(Beginning of Data supplied)
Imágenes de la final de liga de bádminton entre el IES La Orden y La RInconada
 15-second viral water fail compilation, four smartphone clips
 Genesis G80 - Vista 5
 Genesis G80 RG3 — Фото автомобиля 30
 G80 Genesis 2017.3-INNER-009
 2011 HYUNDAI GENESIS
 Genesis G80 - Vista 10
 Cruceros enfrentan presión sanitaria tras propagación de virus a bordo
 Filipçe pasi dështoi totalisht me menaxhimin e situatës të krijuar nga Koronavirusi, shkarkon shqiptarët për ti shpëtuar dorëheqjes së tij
(End of Data supplied)
■ What you need to do ■
For the string "Vista", report how many lines of the records contain it, giving the number only.

■ Response for this exercise ■
2